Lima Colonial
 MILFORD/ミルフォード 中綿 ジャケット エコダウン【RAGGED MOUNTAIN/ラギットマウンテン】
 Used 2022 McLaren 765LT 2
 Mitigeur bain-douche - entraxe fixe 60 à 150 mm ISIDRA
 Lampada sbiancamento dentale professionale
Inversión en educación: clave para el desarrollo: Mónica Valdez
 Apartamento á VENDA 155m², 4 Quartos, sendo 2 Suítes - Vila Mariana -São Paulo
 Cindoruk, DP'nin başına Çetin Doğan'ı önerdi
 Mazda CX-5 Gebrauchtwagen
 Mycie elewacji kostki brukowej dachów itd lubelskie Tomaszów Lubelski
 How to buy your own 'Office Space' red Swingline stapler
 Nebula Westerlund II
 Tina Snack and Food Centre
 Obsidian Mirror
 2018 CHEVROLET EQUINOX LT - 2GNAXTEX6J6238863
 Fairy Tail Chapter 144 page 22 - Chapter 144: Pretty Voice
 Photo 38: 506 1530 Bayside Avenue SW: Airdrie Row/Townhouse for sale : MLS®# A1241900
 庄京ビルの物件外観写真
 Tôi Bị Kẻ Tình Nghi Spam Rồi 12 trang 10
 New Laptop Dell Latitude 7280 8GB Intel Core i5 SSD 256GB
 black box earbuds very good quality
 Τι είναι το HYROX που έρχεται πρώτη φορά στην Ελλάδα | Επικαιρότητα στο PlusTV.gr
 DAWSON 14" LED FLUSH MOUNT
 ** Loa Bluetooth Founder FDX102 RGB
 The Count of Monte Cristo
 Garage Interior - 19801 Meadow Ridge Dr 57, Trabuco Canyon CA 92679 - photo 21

To do: Give back the complete material, keeping every word exactly as written.

Response to this task:
Lima Colonial
 MILFORD/ミルフォード 中綿 ジャケット エコダウン【RAGGED MOUNTAIN/ラギットマウンテン】
 Used 2022 McLaren 765LT 2
 Mitigeur bain-douche - entraxe fixe 60 à 150 mm ISIDRA
 Lampada sbiancamento dentale professionale
Inversión en educación: clave para el desarrollo: Mónica Valdez
 Apartamento á VENDA 155m², 4 Quartos, sendo 2 Suítes - Vila Mariana -São Paulo
 Cindoruk, DP'nin başına Çetin Doğan'ı önerdi
 Mazda CX-5 Gebrauchtwagen
 Mycie elewacji kostki brukowej dachów itd lubelskie Tomaszów Lubelski
 How to buy your own 'Office Space' red Swingline stapler
 Nebula Westerlund II
 Tina Snack and Food Centre
 Obsidian Mirror
 2018 CHEVROLET EQUINOX LT - 2GNAXTEX6J6238863
 Fairy Tail Chapter 144 page 22 - Chapter 144: Pretty Voice
 Photo 38: 506 1530 Bayside Avenue SW: Airdrie Row/Townhouse for sale : MLS®# A1241900
 庄京ビルの物件外観写真
 Tôi Bị Kẻ Tình Nghi Spam Rồi 12 trang 10
 New Laptop Dell Latitude 7280 8GB Intel Core i5 SSD 256GB
 black box earbuds very good quality
 Τι είναι το HYROX που έρχεται πρώτη φορά στην Ελλάδα | Επικαιρότητα στο PlusTV.gr
 DAWSON 14" LED FLUSH MOUNT
 ** Loa Bluetooth Founder FDX102 RGB
 The Count of Monte Cristo
 Garage Interior - 19801 Meadow Ridge Dr 57, Trabuco Canyon CA 92679 - photo 21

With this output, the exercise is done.